The 1960 amendment to section 4 reads as follows:
The amount recovered in proceedings under this chapter shall be for the exclusive benefit of the persons entitled to take any intestate personal property of the decedent, and in the proportions in which they are entitled to take the same. If any of the persons so entitled were dependent on the decedent at his death, they shall take the same as though they were sole persons so entitled, in such proportions, as shall be determined by the court without a jury, and as will result in a fair and equitable apportionment of the amount recovered, among them, taking into account in such determination, but not limited necessarily thereby, the age of the dependents, their physical and mental condition, the necessity or desirability of providing them with educational facilities, their financial condition and the availability to them of other means of support, present and future, and any other relevant factors which will contribute to a *460 fair and equitable apportionment of the amount recovered. [N.J.S.A. 2A:31-4; emphasis added]
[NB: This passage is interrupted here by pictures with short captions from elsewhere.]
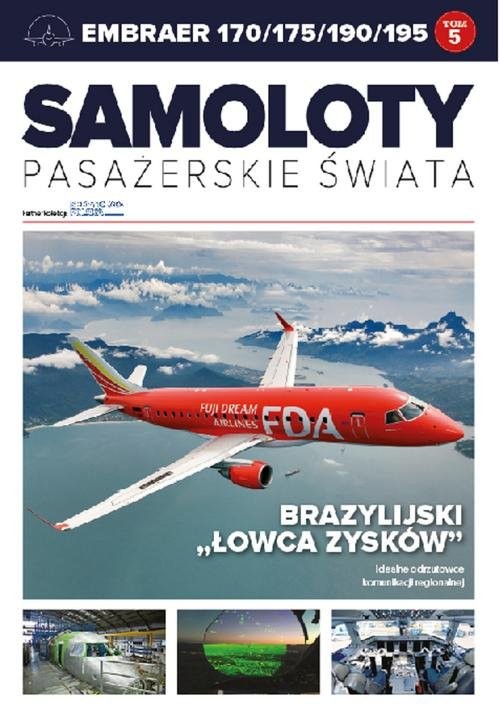 okładka Samoloty pasażerskie świata 5 Embraer 170/175/190/195 Brazylijski książka
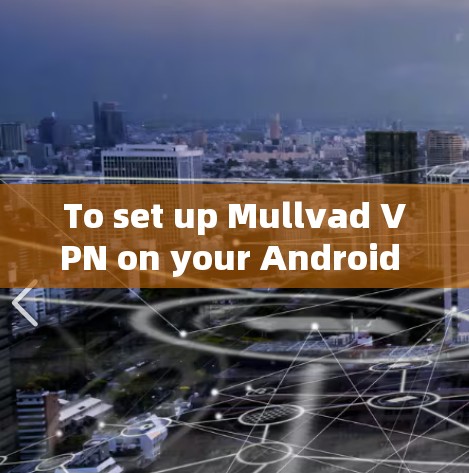 To set up Mullvad VPN on your Android phone,follow these organized steps: To set up Mullvad VPN on your Android phone,follow these organized steps: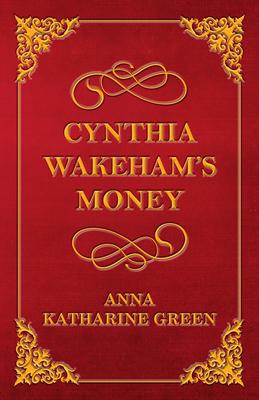 Cynthia Wakeham’’s Money
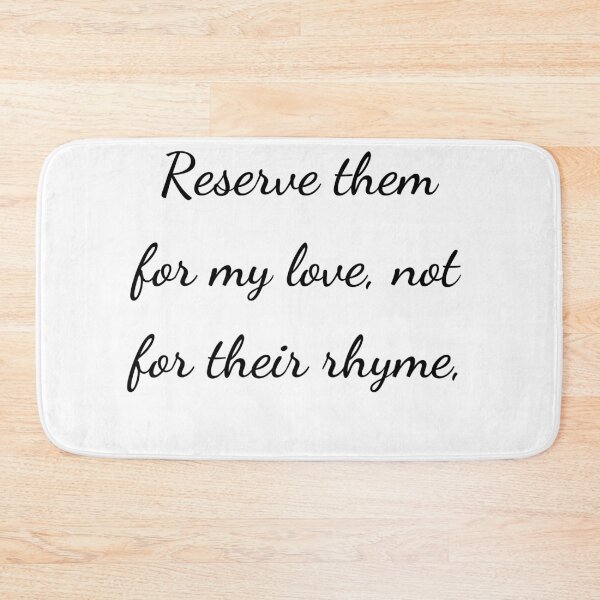 Item preview, "Reserve them for my love, not for their rhyme," - handwriting black designed and sold by ariksworld.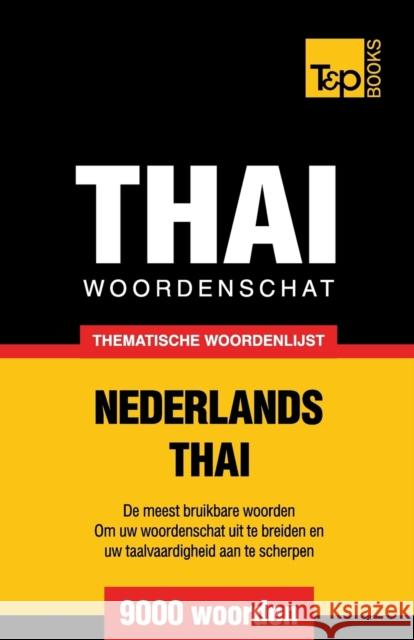 Thematische woordenschat Nederlands-Thai - 9000 woorden Taranov, Andrey 9781787672369 T&p Books Publishing Ltd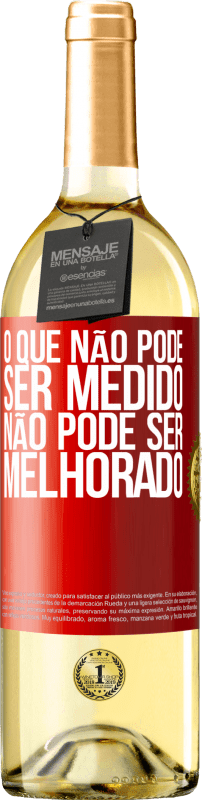 29,95 € | Vinho branco Edição WHITE O que não pode ser medido não pode ser melhorado Etiqueta Vermelha. Etiqueta personalizável Vinho jovem Colheita 2024 Verdejo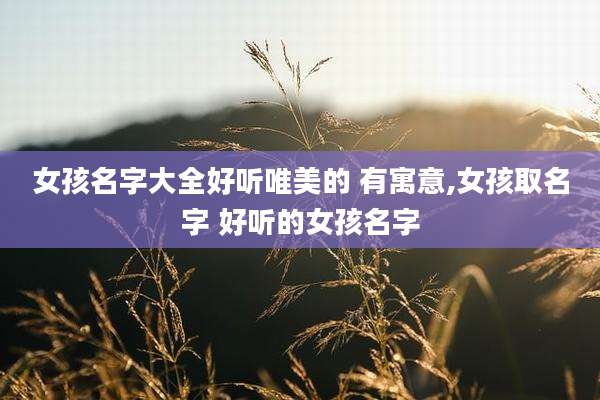 女孩名字大全好听唯美的 有寓意,女孩取名字 好听的女孩名字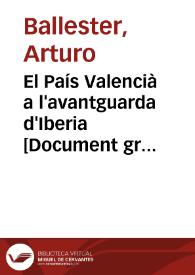 El País Valencià a l'avantguarda d'Iberia : Cultura es llibertat feixisme es esclavitut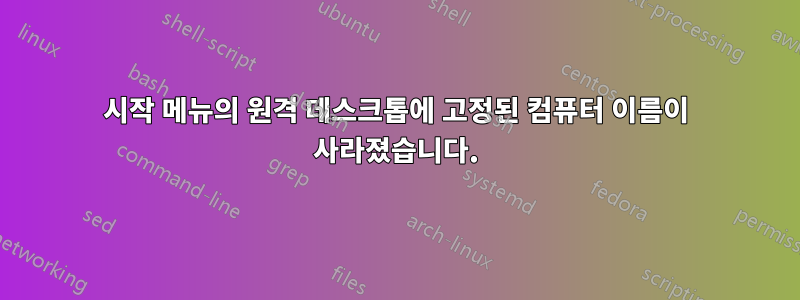 시작 메뉴의 원격 데스크톱에 고정된 컴퓨터 이름이 사라졌습니다.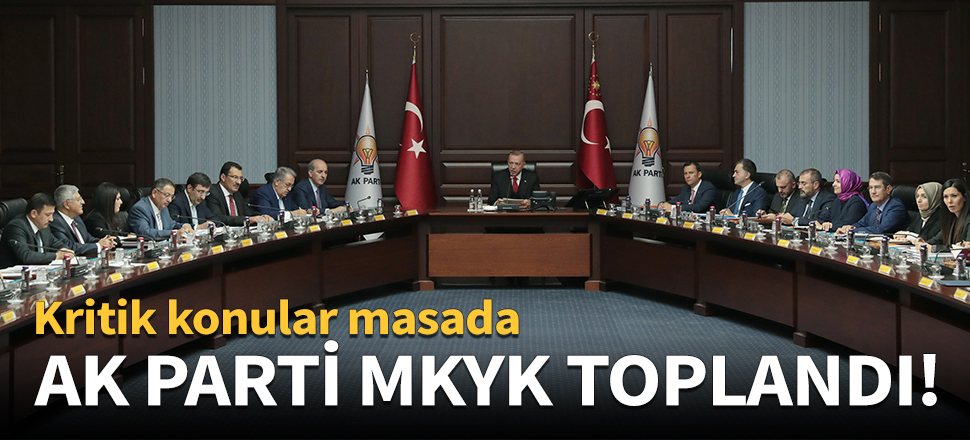AK Parti MKYK toplandı!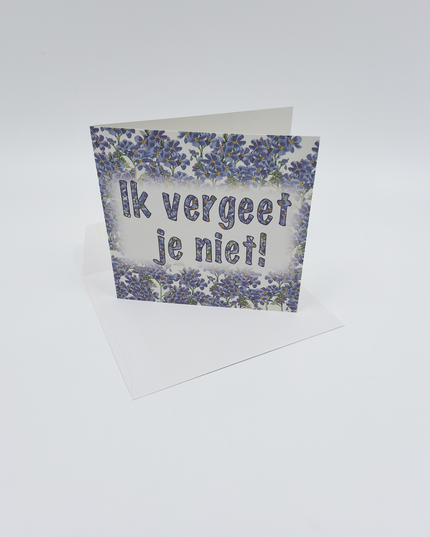 Square greeting card blue, "I won't forget you" (F04021)
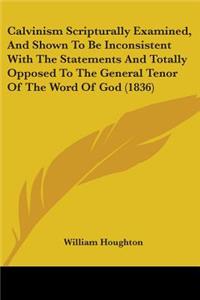 Calvinism Scripturally Examined, And Shown To Be Inconsistent With The Statements And Totally Opposed To The General Tenor Of The Word Of God (1836)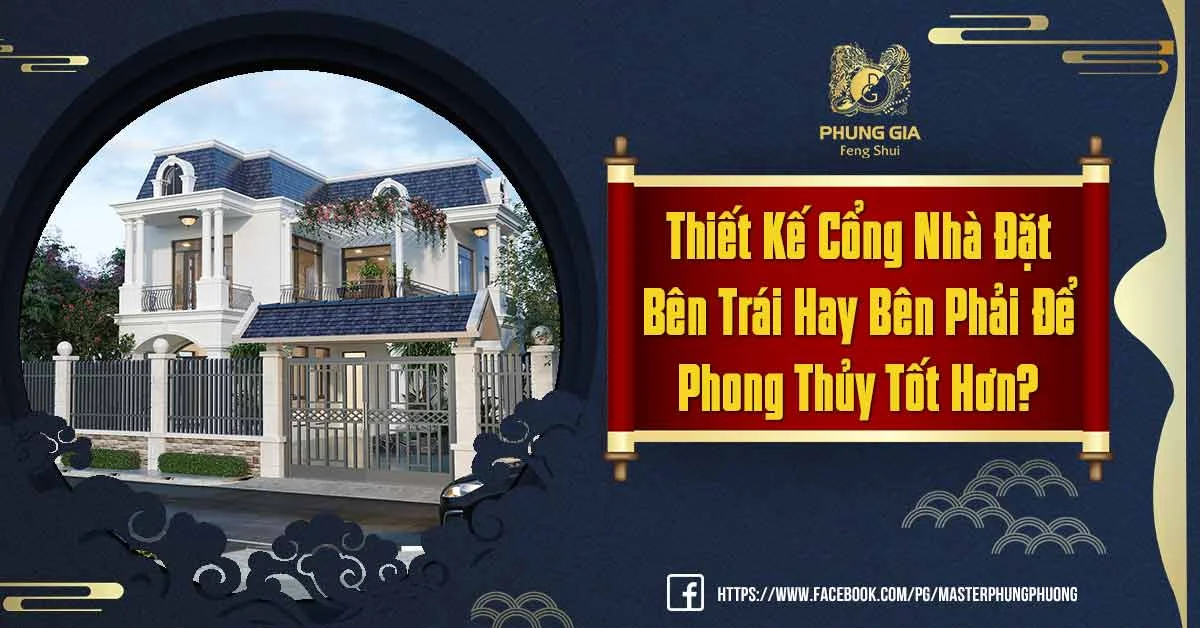 Bố Trí Cổng Nhà Đặt Bên Trái Hay Bên Phải Để Nghênh Đón Tài Lộc?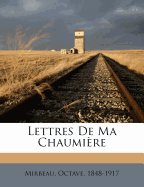 "Lettres de ma chaumière", Nabu Press, 2011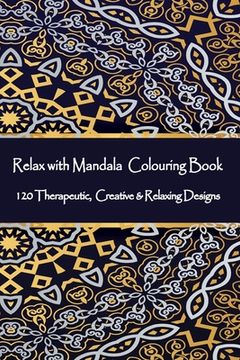 portada Relax with Mandala Colouring Book, 120 Therapeutic, Creative & Relaxing Designs: Adult Colouring Books Mandalas and Patterns Relaxing Colour Therapy S (en Inglés)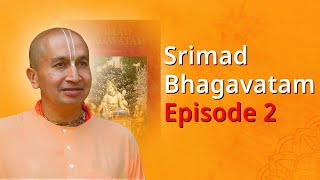 Srimad Bhagavatam by Gauranga Das Prabhu Episode 2  श्रीमद् भागवत कथा Hindi [upl. by Iman695]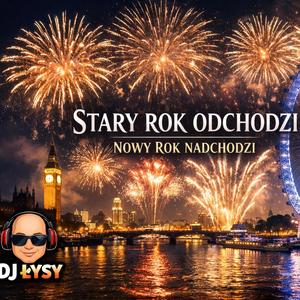 STARY ROK ODCHODZI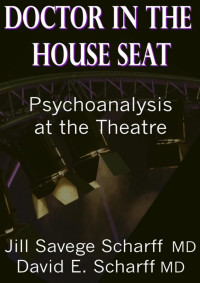 Jill Savege Scharff & David E. Scharff [Scharff, Jill Savege & Scharff, David E.] — Doctor in the House Seat: Psychoanalysis at the Theatre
This provision implements N.J.S.A. 2A:31-5 which gives expression to the general legislative purpose of repairing the loss of reasonable expectation of pecuniary advantage suffered by the statutory beneficiaries as a result of the death of the decedent:
* * * [T]he jury may give such damages as they shall deem fair and just with reference to the pecuniary injuries resulting from such death * * * to the persons entitled to any intestate personal property of the decedent. [N.J.S.A. 2A:31-5]
Although it would ordinarily appear to be desirable that a hearing, as described in Jurman, supra, at 602, be conducted upon a plenary basis, with a full development of the evidence, we conclude that the salient facts concerning the family situation and the individuals involved sufficiently appear from the record to permit resolution of the issue presented. In this connection we note that these proceedings were essentially adversary in character. The guardian ad litem not only filed a complete report based upon a full inquiry into the "particular family situation and individuals involved," but also filed a brief on this appeal in support of his recommendations.
The record discloses the following:
Decedent Juan J. Suarez, a native and citizen of Spain, but a resident of this State, died instantly on November 5, 1968 as a result of an automobile accident. He left no will. He was then 36. His wife, the plaintiff, then enceinte, was 25. They had been married less than a year. The child was born a few days after decedent's death. Decedent had a life expectancy of 35.49 years. That of Mrs. Suarez was 51.75 years.